About this task:
Within the listing below, please copy exactly the lines between the line holding "Cartera larga Gucci" and the line holding "Los dos sándwiches", inclusive.
- - -
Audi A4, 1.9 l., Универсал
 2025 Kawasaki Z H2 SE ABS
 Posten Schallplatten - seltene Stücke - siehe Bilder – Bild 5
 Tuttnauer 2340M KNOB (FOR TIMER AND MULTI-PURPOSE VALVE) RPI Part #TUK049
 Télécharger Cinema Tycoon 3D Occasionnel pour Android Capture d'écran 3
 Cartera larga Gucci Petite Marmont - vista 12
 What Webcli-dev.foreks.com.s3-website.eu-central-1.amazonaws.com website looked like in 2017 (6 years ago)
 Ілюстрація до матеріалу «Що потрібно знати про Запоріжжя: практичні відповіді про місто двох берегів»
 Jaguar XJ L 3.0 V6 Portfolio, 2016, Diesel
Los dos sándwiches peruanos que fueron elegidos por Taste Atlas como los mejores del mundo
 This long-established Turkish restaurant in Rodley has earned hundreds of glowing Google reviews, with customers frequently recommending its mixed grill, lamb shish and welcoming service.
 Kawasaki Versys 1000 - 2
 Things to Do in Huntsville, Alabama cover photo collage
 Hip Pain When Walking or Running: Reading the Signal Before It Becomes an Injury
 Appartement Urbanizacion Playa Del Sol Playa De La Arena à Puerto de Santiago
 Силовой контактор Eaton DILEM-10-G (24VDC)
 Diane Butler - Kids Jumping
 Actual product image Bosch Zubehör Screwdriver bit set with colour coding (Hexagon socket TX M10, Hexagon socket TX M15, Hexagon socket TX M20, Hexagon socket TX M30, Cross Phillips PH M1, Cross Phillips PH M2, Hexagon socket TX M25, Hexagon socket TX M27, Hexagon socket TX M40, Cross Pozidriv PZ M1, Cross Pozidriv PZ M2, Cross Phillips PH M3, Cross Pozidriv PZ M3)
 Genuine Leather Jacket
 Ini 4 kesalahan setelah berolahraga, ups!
- - -
Written answer:
 Cartera larga Gucci Petite Marmont - vista 12
 What Webcli-dev.foreks.com.s3-website.eu-central-1.amazonaws.com website looked like in 2017 (6 years ago)
 Ілюстрація до матеріалу «Що потрібно знати про Запоріжжя: практичні відповіді про місто двох берегів»
 Jaguar XJ L 3.0 V6 Portfolio, 2016, Diesel
Los dos sándwiches peruanos que fueron elegidos por Taste Atlas como los mejores del mundo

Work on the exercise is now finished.